■ **Material provided**:

%%

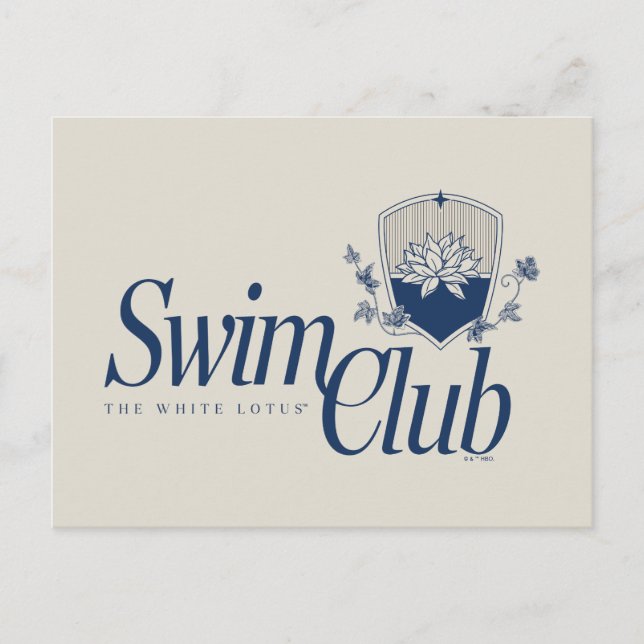 The White Lotus Swim Club Postcard (Front)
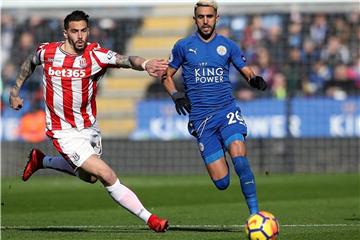 Neuzugang bei Man City: Riyad Mahrez (r). Foto: Nick Potts/PA Wire
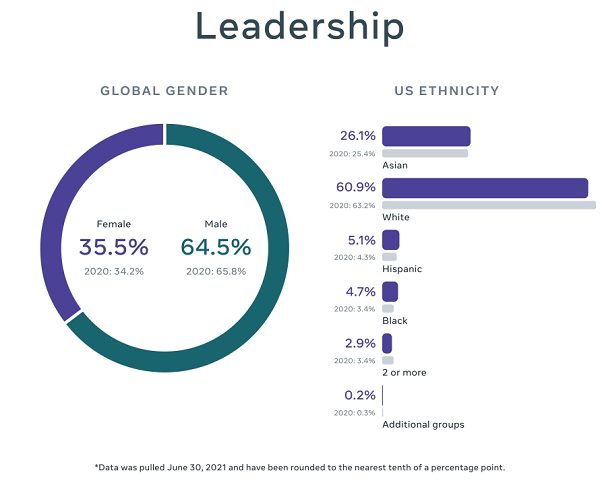 Facebook diversity goals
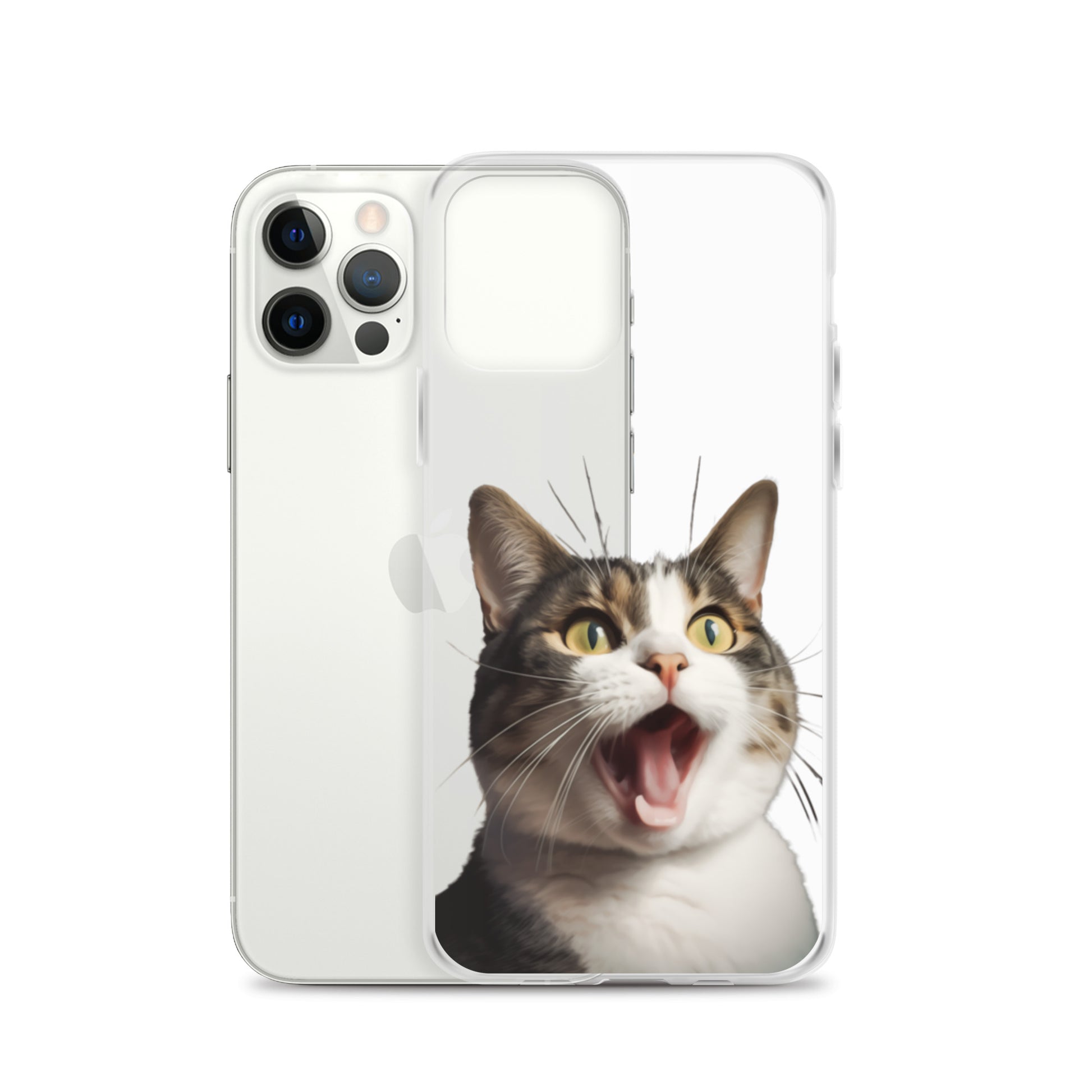 Cat H Clear Case for iPhone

%%

■ **What to work on**: Go through the listing above and write it all out exactly, leaving out any picture.

■ **Your solution**:
 The White Lotus Swim Club Postcard (Front)
 Neuzugang bei Man City: Riyad Mahrez (r). Foto: Nick Potts/PA Wire
 Facebook diversity goals
 Cat H Clear Case for iPhone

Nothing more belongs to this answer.